PORTRAIT
Lixiane, une vie consacrée à l’Arbre d’or

Aujourd’hui retraitée, Lixiane Keller de Schleitheim a fait partie des derniers sériciculteurs de l’Ardèche.

Lixiane, une vie consacrée à l’Arbre d’or
Lixiane Keller a implanté des centaines de mûrier dans la propriété familiale à Saint-Vincent-de-Barrès, où elle produisait des cocons.

Aujourd’hui retraitée, Lixiane Keller de Schleitheim fait partie des derniers sériciculteurs de l’Ardèche. Née près d’Alès, au cœur des Cévennes, elle s’est prise de passion pour la culture du ver à soie quand, adolescente, son père lui avait offert ses premières larves. « Je suis née à l’époque où le mûrier avait encore une place centrale dans la vie des Cévenols. J’ai assisté au déclin progressif de la sériciculture avec la fermeture des dernières filatures, l’exode rural et l’abandon des mûriers. Mais j’ai aussi eu la chance de participer, dans les années 1970,  à la relance de la sériciculture en Cévennes. »

En 1983, elle s’installe à Saint-Vincent-de-Barrès, dans le domaine familial, qui compte 32 ha. « Jusqu’en 1951, il y avait ici 400 mûriers traditionnels multiséculaires ! Mon père a décidé de tout arracher pour y implanter des céréales, et ne sont plus restés que les mûriers de bordure de chemin. » Lixiane replante progressivement jusqu’à 400 mûriers de variété japonaise « kokuso » et réhabilite une cinquantaine de mûriers anciens. Elle décide de remettre en service la vieille magnanerie de la maison pour y produire des cocons destinés à la filature de Monoblet, réouverte entre temps. « J’ai produit mes premiers cocons en 1984. » En parallèle Lixiane élève un troupeau de brebis BMC, essentiellement pour la reproduction, en lien avec l’UPRA de la race. « Je travaillais aussi avec Ardelaine pour la tonte. »

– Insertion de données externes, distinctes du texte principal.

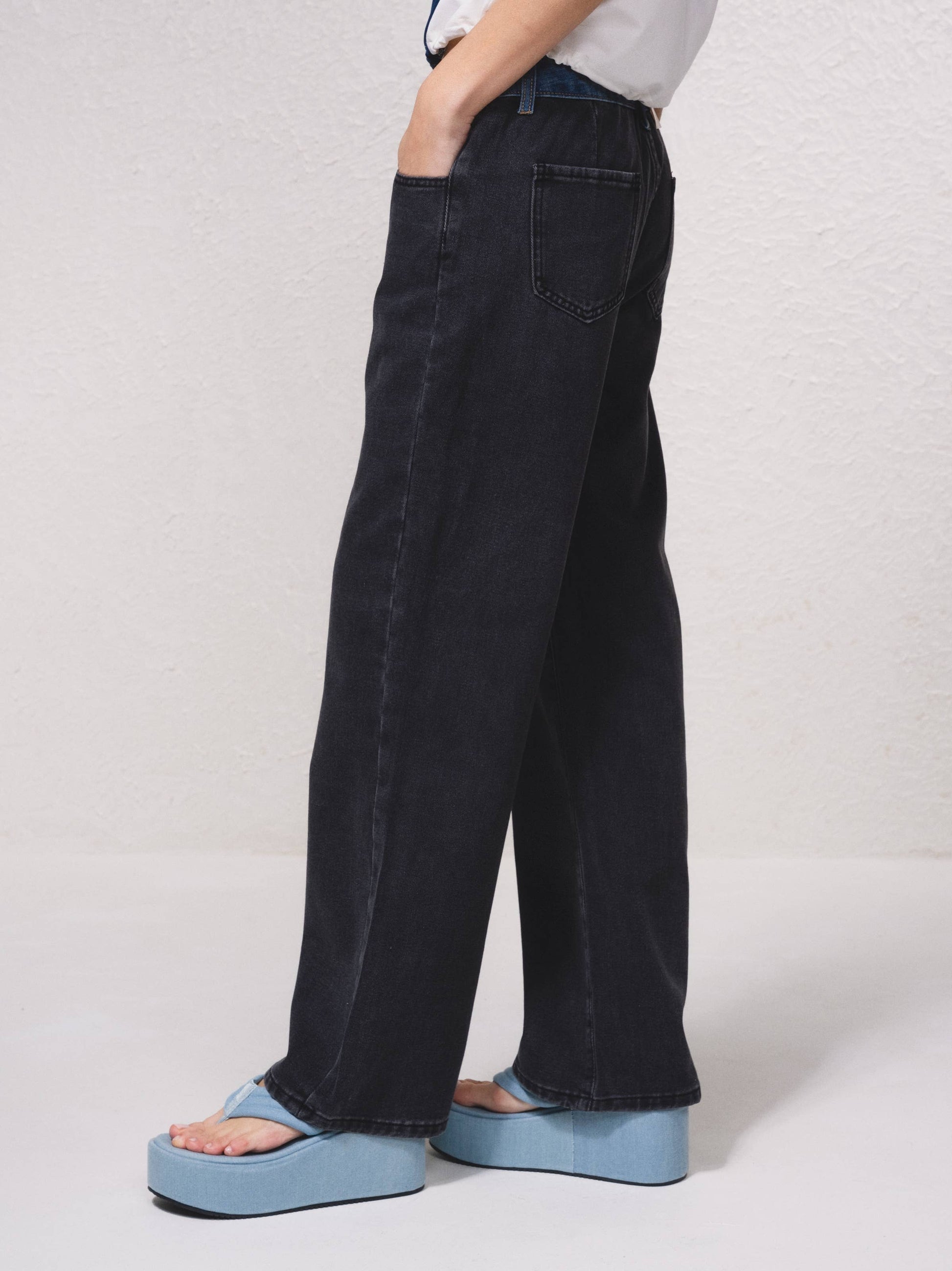 Jeans bicolore in denim con tasche zip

En 1992, elle lance sa première « Fête de la Soie » à Saint-Vincent-de-Barrès, qu’elle reconduira pendant 5 éditions. « On accueillait jusqu’à 2 000 personnes sur le week-end ! » Elle crée également des chambres d’hôtes et reçoit des écoliers et visiteurs lors d’ateliers pédagogiques dans la magnanerie. En 1995, elle participe au projet de la station de grainage européenne du Pradel. Mais lorsque celle-ci ferme après seulement trois ans de fonctionnement, Lixiane est contrainte d’abandonner son activité séricicole. Elle n’abandonne pas sa passion pour autant : le mûrier et le ver à soie seront le support de plusieurs spectacles et animations qu’elle donnera avec son mari Patrice, metteur en scène, en divers lieux ou à l’occasion d’événements sur le thème de la soie.

Le Mûrier véhicule depuis toujours un aspect symbolique et légendaire très fort.

En Chine, le mûrier est la résidence de la "Mère des soleils". On raconte que chaque matin, le soleil monte dans le tronc creux du Mûrier. Ce n'est pas un hasard si les rites taoistes accompagnaient la marche du soleil avec des chants et des rythmes battus sur le tronc d'un mûrier. Cet arbre est porteur de lumière, symbole de prospérité, de patience et de sagesse. Un proverbe chinois dit : "Avec le temps et la patience, la feuille de mûrier devient soie". Il peut d'ailleurs vivre plusieurs siècles !
Dans les Cévennes, le mûrier, surnommé « l'arbre d'or », est un arbre patrimonial au même titre que le châtaignier appellé « l'arbre à pain » ou l’olivier, « l’arbre d’argent ». Arbre d’or, certainement pour le jaune doré de ses feuilles à l'automne mais aussi pour ce qu'il rapportait aux sériciculteurs d'alors payés en pièces d'or (écus).
"L'arbre de vie" des vers à soie rassemble de nombreuses légendes. On raconte de lui qu'il est "le plus sage" des arbres: sa végétation tardive semble en effet pressentir et éviter les dernières gelées. On lui oppose souvent le "fol amandier" qui est toujours le premier à fleurir.